Photography by Peter Aaron/ OTTO

Photography by Grace Roselli, Pandora's BoxX Project


Fortunately, Sarasotans have a sneak peek at Pfaff’s next tour stop: the Sarasota Art Museum, where Pfaff will unveil her largest site-specific installation since 2017 with Judy Pfaff: Picking Up the Pieces. It’s difficult to describe Pfaff’s latest installation, because, well, it isn’t there yet. The installation, set to open in November, has been built piece by piece in her upstate New York studio and will be shipped to Sarasota sometime in October for the final assembly. No one, including (SAM) Executive Director Virginia Shearer, is quite sure what it will look like. “We’ve talked to her and we know it’s going to be big and it’s going to have a lot of light,” says Shearer with a chuckle. “Judy doesn’t give you preparatory drawings per se–she’ll give you a sense of what her concept is and might provide a glimpse or two into her creative process with photos and a short video, but it all will come together here in Sarasota.”

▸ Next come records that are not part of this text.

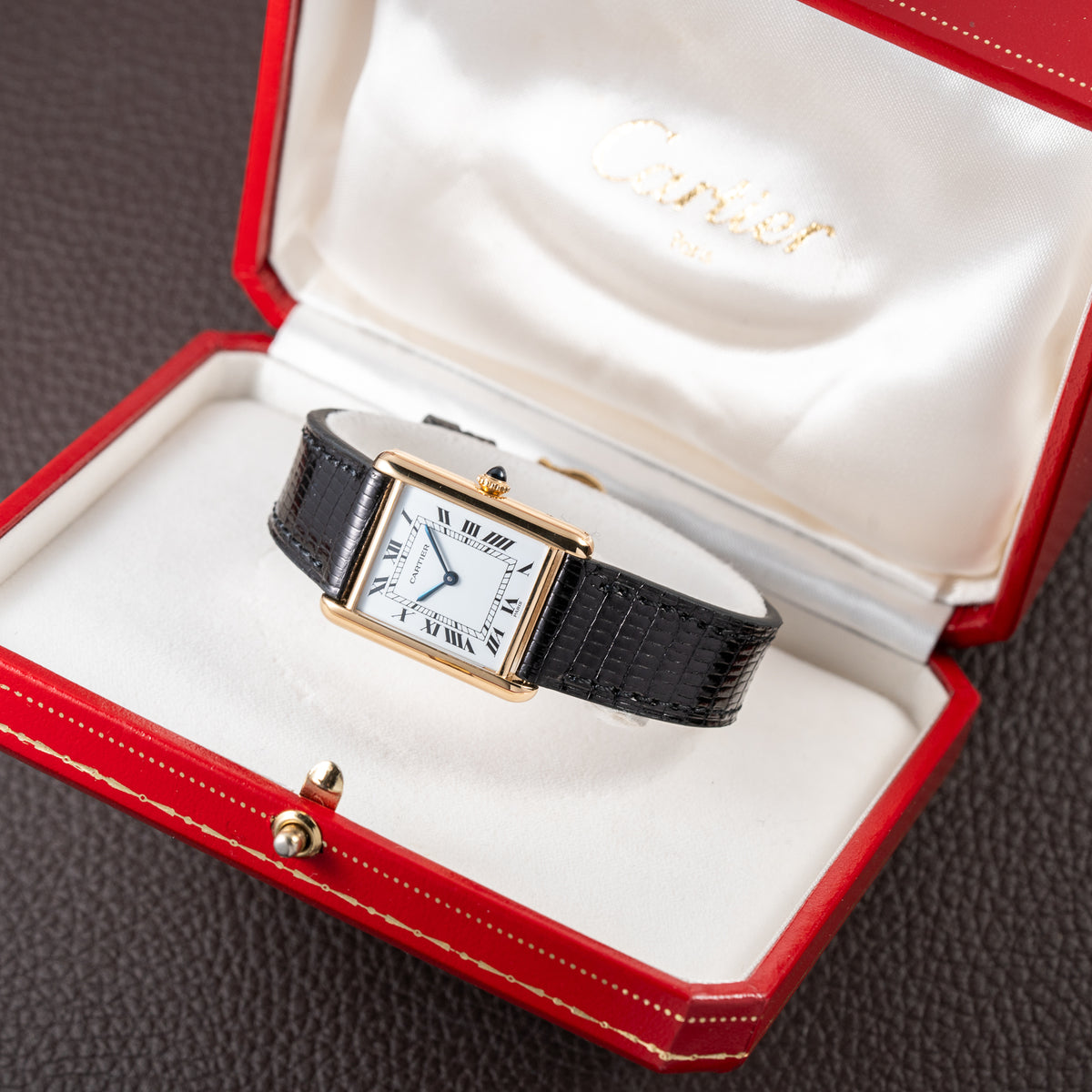 Cartier Tank Louis 'Paris' Dial 18K Yellow Gold GM Ref. 78086 From 1970s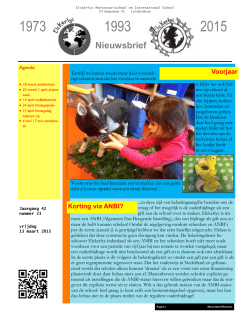 Nieuwsbrief - Elckerlyc Montessorischool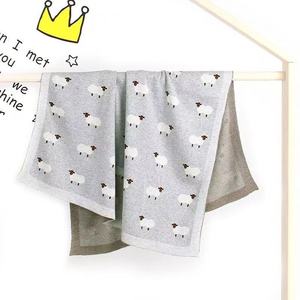 Manta <span class=keywords><strong>de</strong></span> punto 100% algodón, diseño <span class=keywords><strong>de</strong></span> hojas secas, anti-bolitas, antiácaros, ligera, para sofá, para todas las estaciones - Product Image 2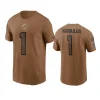 dolphins tua tagovailoa brown 2023 salute to service t shirt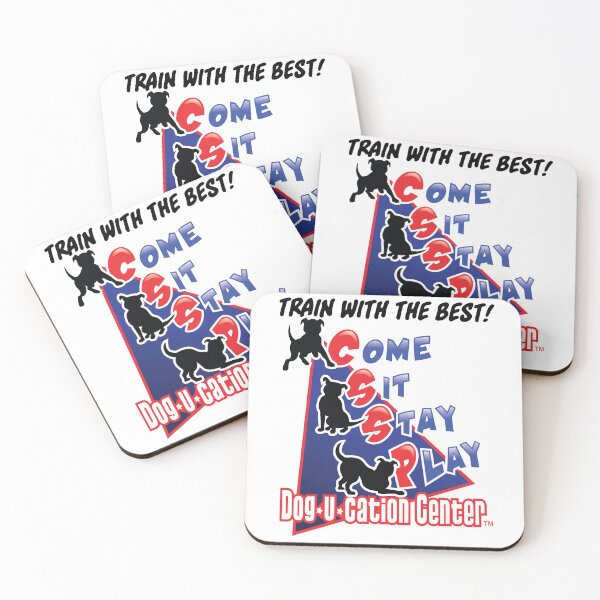 Item preview, Come Sit Stay Play – Dog Training Center Logo – Dog•U•Cation Center designed and sold by TMPender.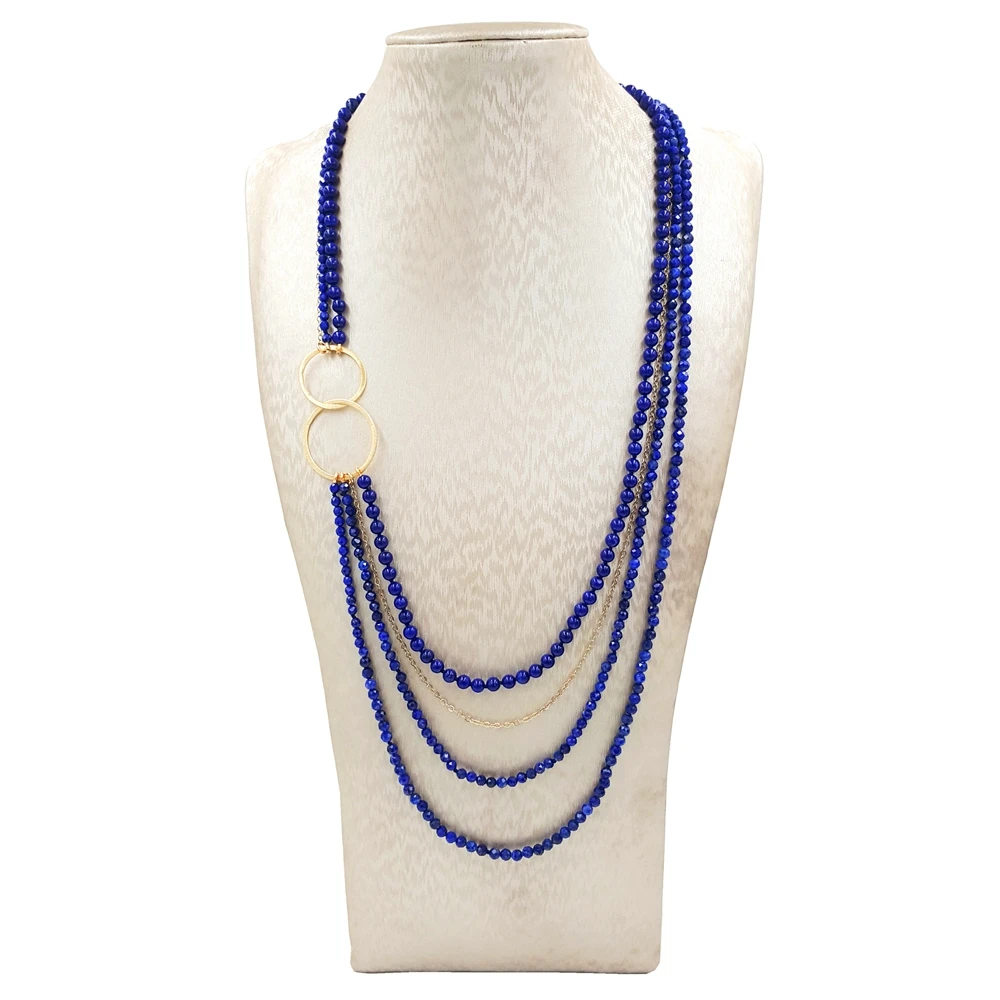Lii Ji Lapsi Lazuli 925 Sterling Silver 18K Plated 14K Gold Filled Chain Necklace Natural Stone Handmade Jewelry
Lii Ji Lapsi Lazuli 925 Sterling Silver 18K Plated 14K Gold Filled Chain Necklace Natural Stone Handmade Jewelry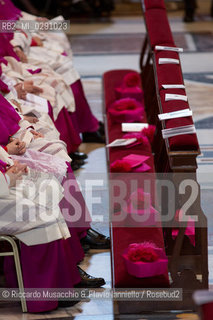 Città del Vaticano, Basilica di San Pietro 18 04 2014.Celebrazione della Passione del Signore, Adorazione della Croce presieduta da Sua Santità Papa Francesco. ©Riccardo Musacchio & Flavio Ianniello/Rosebud2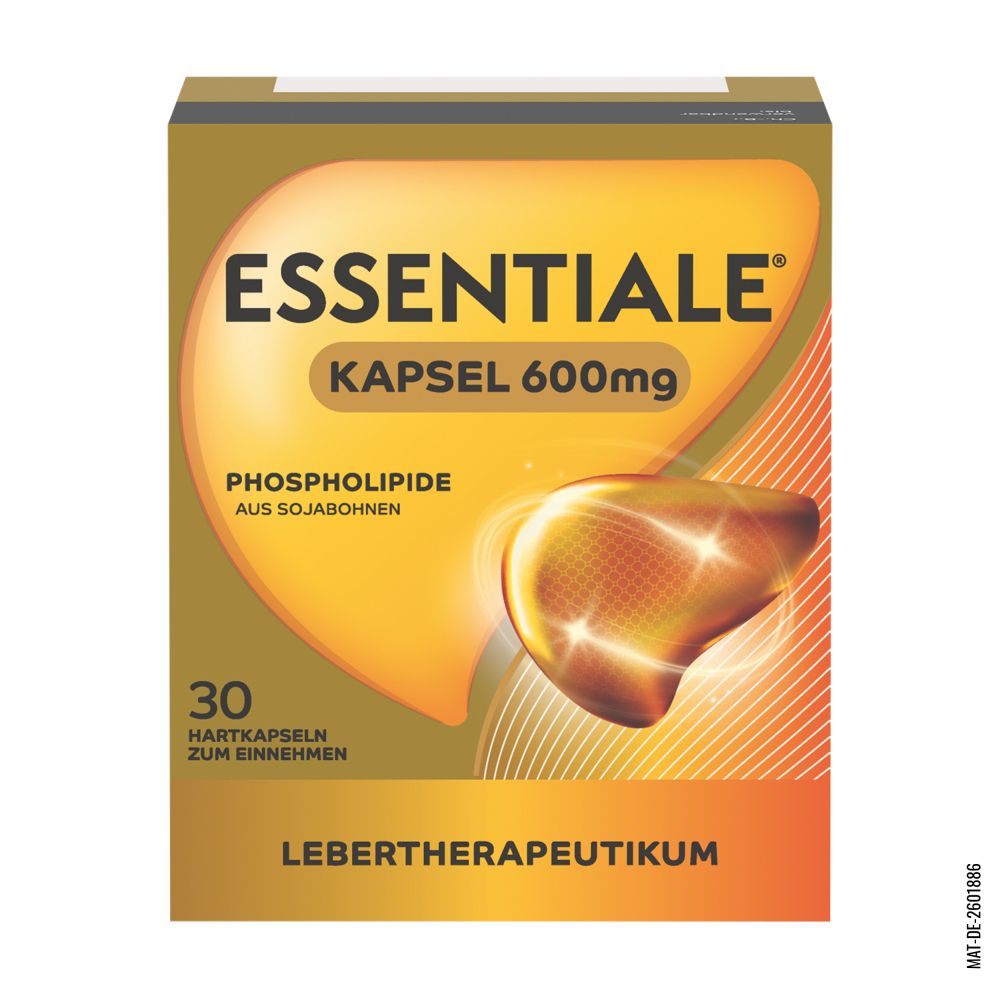 Essentiale Kapsel 600 mg 30 St Hartkapseln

To gain a better understanding of what Picking Up the Pieces might look like, one has to delve into who Pfaff is as an artist. Born in post-war London, Pfaff spent her early years playing in the bombed remnants of a cityscape, before moving to Detroit as a teen. Now in her 70s, Pfaff is the definition of a multi-hyphenate artist–she is a welder, designer, glassblower, painter, sculptor and printmaker to name a few of skills. She specializes in and has become famous for her site-specific installations that draw heavily on the surrounding environment. The materials she uses vary just as widely as the final product, from welded steel to melted plastic to blown glass to neon lights, Pfaff employs a seemingly endless array of transformed objects to create her designs. 

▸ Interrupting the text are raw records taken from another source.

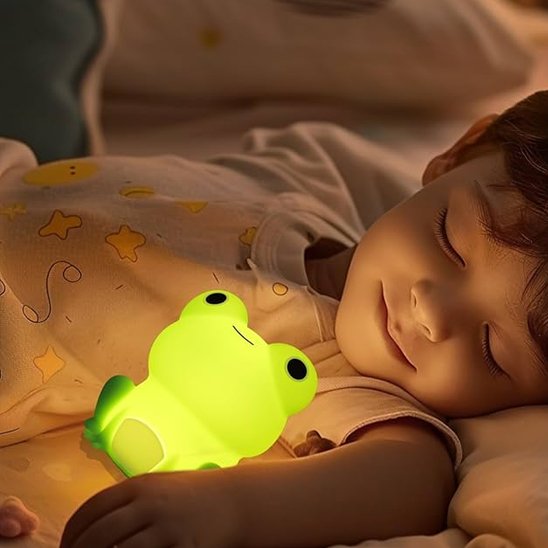 Veilleuse bébé  vertes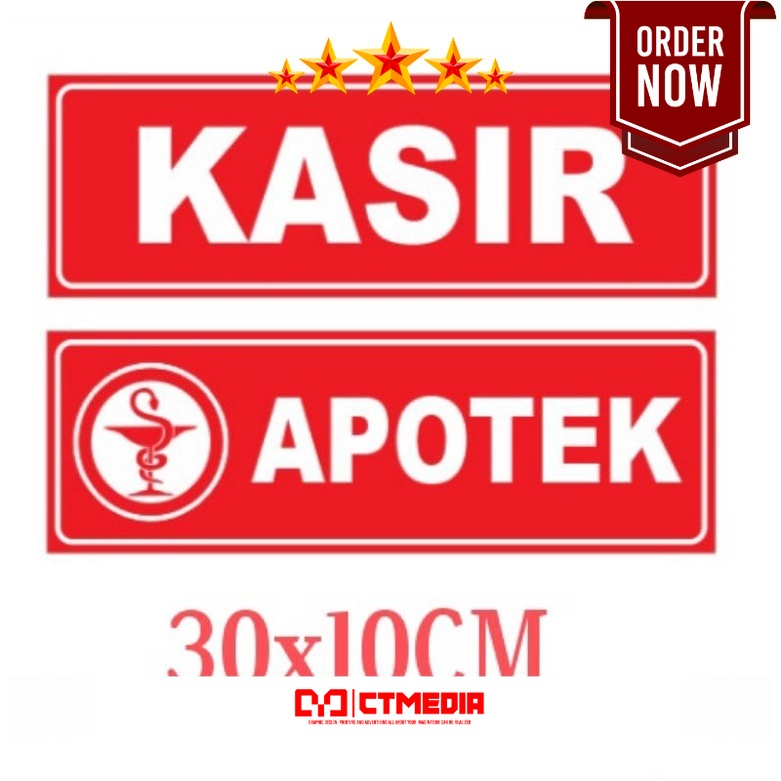 

STIKER KASIR APOTEK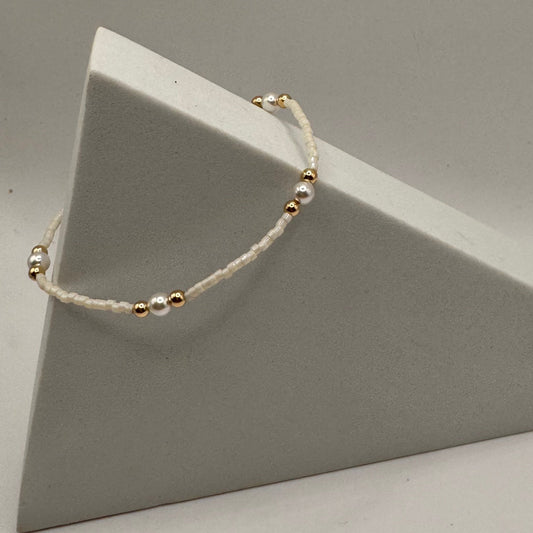 enewton Hope Purpose Pearl Bracelet - Milkshake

Photography by Grace Roselli, Pandora's BoxX Project

Photography by Peter Aaron/ OTTO

There are, however, a few things that are publicly known about the exhibit. The first, is that Picking Up the Pieces is a homecoming of sorts for Pfaff. Back in 1981, Pfaff unveiled one of her first exhibitions, Rorschach, at The Ringling Museum of Art. Flash forward to 2010, Pfaff found herself in Sarasota yet again–this time visiting the then dilapidated Sarasota High School building, which would go on to become SAM. “She got to be inside Sarasota High School when it was neglected, with the windows pulled out and no air conditioning and she got to imagine what a work of art might become in these spaces,” says Shearer. “So we invited her back here to visit with us a couple of years ago to see the new museum and what she might want to work with us on and she immediately responded to the 30-foot ceilings and our third floor galleries.”

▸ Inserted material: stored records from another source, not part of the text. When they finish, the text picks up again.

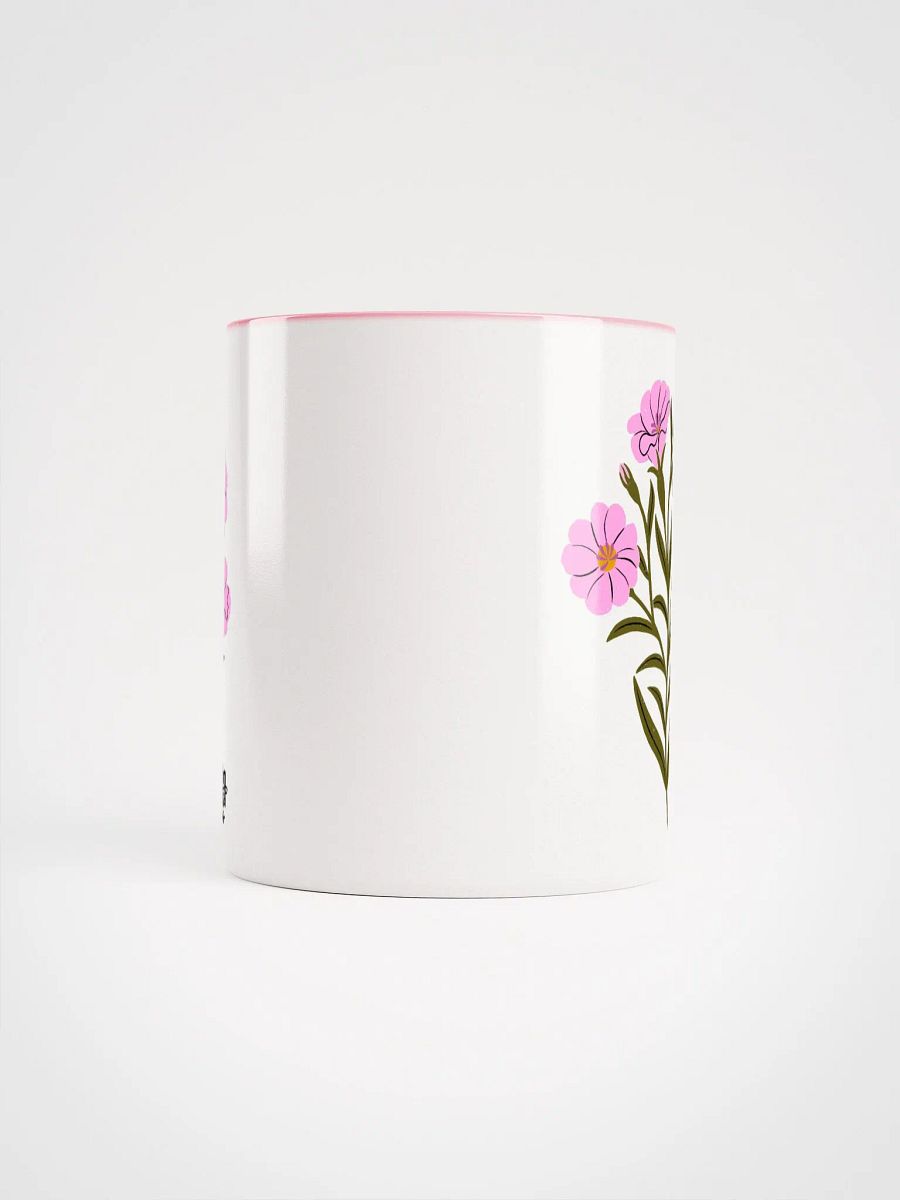Corncockle Bouquet - Mug with Color Inside product image (5)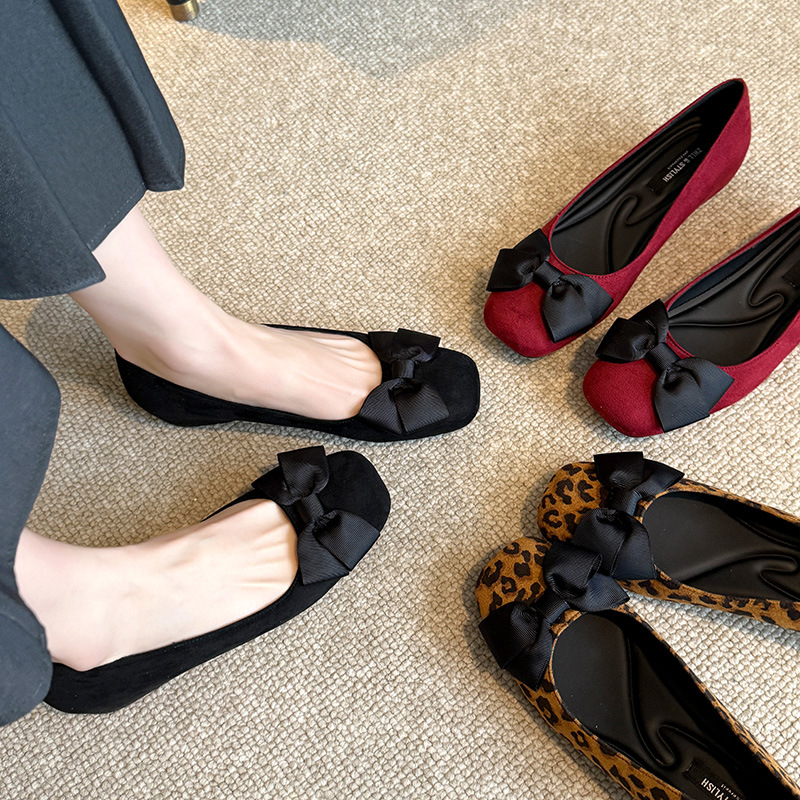 รองเท้าบัลเล่ต์หนังกลับหลากสีส - Women Formal Wear Shoes บทวิจารณ์และราคา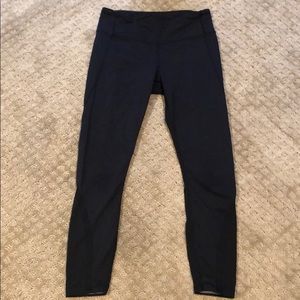 lululemon running leggings in black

This brings us to the next clue we have about Picking Up the Pieces: since Pfaff last visited SAM, multiple hurricanes have hit the Gulf Coast, including the devastating Hurricane Ian. “She came back for another site visit last fall and was really struck by the destruction south of us in Sarasota,” says Shearer. “Since then, her ideas have changed–she’s creating a brand new, site-specific, immersive installation that’s going draw on her love of our climate, ecology and light–everything that is so wonderful about Sarasota–but it’s also going to be informed by the destruction and environmental changes of the hurricane.” So much of what Picking Up the Pieces will look like is unknown. While to many, that may breed uncertainty, to Shearer it’s part of the beauty and by extension, part of what SAM is trying to do. For a museum that is relatively new, fostering an environment of trust is part of what has and will continue to build their reputation as an incubator for some of the top contemporary artists in the world. “A lot of what I think is special and unique about what we’re doing here at SAM is that we’re providing the space, opportunities and resources for artists to dream big–as well as the trust that they are going to deliver,” says Shearer. “It’s a labor of love on the artist’s part that’s combined with a deep trust on our end in terms of not knowing what the final outcome will be until the work is finished here. Because Picking Up the Pieces is site responsive and specific, it’ll never look the same way even if the components are deinstalled and put together someplace else. It only functions this way at one time, so you have to experience it here in Sarasota.”